== ABOUT THIS EXERCISE ==
The listing below holds a line with "Coswheel ebike gt20" and a later line with "DEL MÀ Unique". Write out those two lines and every line between them, exactly, and nothing else.

== DATASET ENTRIES ==
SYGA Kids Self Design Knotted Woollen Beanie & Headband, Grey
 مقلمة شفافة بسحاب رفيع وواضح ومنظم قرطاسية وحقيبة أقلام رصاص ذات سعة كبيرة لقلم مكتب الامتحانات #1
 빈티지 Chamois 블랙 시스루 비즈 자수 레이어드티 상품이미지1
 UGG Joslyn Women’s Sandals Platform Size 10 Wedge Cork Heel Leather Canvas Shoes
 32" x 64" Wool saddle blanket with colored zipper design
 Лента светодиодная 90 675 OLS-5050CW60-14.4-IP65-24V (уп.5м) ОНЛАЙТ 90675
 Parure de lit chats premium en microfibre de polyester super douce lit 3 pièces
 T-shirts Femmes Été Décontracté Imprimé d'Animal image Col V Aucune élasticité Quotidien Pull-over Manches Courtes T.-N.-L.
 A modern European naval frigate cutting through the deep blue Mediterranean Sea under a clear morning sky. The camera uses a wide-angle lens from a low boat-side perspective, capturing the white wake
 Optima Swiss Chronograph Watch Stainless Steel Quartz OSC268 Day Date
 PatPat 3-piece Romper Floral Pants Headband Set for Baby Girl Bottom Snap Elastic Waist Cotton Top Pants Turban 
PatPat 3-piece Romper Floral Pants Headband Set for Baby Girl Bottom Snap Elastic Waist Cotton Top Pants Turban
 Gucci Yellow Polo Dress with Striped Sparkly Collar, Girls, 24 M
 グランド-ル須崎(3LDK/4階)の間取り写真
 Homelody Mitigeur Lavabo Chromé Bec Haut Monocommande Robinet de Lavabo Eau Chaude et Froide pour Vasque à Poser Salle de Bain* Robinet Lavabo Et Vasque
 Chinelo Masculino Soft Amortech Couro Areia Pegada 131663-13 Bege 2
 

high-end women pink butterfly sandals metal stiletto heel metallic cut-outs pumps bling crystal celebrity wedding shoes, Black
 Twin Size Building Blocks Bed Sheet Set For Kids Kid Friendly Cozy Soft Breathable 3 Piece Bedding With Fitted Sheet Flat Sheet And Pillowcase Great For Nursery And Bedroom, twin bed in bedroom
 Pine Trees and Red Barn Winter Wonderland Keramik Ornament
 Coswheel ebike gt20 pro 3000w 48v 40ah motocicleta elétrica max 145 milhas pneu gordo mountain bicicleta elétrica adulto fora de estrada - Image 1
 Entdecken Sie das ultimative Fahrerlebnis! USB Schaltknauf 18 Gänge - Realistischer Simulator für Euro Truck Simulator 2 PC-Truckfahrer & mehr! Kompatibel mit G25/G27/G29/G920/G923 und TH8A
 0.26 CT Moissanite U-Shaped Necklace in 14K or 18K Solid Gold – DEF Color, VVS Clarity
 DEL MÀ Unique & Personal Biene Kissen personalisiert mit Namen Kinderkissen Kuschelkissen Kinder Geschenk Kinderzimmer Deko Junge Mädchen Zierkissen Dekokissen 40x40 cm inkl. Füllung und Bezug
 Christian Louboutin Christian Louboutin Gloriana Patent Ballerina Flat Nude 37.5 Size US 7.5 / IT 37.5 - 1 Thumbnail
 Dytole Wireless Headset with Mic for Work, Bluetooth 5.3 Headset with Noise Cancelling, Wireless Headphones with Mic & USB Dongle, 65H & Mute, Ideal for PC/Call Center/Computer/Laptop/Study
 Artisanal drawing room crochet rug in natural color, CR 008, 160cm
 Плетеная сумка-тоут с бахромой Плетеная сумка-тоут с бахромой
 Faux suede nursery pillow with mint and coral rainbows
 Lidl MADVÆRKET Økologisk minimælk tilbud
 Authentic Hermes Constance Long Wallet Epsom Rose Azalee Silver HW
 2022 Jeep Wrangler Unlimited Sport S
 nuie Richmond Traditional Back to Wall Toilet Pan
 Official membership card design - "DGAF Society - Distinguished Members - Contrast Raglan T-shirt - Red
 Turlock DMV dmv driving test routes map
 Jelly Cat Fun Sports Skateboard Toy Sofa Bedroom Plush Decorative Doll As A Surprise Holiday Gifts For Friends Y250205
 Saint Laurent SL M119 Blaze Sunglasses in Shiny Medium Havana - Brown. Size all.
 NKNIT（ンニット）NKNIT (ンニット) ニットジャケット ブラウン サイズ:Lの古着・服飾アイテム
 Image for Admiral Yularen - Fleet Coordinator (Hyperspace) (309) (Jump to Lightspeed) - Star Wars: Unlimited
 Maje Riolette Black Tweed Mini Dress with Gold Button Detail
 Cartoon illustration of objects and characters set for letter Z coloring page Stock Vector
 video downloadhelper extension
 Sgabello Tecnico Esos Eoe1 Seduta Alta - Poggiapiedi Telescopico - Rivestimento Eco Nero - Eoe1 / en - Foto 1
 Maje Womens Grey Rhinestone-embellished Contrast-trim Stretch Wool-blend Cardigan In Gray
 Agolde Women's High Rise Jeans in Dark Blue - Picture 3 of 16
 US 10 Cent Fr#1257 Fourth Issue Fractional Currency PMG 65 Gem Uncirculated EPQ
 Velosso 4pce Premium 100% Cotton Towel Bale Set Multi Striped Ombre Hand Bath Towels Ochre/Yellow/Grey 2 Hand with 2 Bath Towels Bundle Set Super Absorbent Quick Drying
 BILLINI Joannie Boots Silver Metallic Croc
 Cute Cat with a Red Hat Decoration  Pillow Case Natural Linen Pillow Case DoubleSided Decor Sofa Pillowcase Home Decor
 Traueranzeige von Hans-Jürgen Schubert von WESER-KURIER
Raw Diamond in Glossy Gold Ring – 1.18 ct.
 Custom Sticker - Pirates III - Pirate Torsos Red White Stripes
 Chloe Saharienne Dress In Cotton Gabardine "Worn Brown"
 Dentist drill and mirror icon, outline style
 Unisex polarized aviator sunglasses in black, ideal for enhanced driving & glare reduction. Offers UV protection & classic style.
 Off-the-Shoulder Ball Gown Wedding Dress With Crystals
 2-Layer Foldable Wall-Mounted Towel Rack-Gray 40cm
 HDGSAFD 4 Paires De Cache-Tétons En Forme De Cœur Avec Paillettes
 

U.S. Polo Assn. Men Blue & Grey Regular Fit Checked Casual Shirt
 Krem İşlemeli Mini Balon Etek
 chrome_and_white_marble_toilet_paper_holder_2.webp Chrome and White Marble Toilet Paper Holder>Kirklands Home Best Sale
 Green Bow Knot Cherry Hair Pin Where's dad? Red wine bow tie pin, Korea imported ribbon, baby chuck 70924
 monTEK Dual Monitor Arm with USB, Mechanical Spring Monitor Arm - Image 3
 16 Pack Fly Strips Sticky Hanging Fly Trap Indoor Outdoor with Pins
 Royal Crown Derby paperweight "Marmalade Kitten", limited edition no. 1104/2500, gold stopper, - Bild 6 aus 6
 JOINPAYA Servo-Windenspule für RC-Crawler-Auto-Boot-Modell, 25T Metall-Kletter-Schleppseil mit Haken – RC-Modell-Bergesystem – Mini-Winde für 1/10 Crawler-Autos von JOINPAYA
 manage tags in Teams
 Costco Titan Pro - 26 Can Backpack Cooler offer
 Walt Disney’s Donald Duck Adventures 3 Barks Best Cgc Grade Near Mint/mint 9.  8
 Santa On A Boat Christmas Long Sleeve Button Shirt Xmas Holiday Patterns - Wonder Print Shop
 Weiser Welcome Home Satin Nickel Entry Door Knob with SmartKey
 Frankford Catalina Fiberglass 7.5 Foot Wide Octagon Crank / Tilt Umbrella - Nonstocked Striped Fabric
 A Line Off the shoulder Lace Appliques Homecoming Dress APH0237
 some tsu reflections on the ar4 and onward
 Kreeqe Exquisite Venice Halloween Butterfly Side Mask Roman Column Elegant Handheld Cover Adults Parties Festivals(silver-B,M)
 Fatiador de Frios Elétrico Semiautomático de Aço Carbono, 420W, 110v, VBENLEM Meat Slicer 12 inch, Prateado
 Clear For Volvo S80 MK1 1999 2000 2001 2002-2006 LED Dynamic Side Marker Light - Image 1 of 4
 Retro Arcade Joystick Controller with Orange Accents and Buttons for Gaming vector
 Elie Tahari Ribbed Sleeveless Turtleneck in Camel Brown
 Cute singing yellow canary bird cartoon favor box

== RESPONSE BELOW ==
 Coswheel ebike gt20 pro 3000w 48v 40ah motocicleta elétrica max 145 milhas pneu gordo mountain bicicleta elétrica adulto fora de estrada - Image 1
 Entdecken Sie das ultimative Fahrerlebnis! USB Schaltknauf 18 Gänge - Realistischer Simulator für Euro Truck Simulator 2 PC-Truckfahrer & mehr! Kompatibel mit G25/G27/G29/G920/G923 und TH8A
 0.26 CT Moissanite U-Shaped Necklace in 14K or 18K Solid Gold – DEF Color, VVS Clarity
 DEL MÀ Unique & Personal Biene Kissen personalisiert mit Namen Kinderkissen Kuschelkissen Kinder Geschenk Kinderzimmer Deko Junge Mädchen Zierkissen Dekokissen 40x40 cm inkl. Füllung und Bezug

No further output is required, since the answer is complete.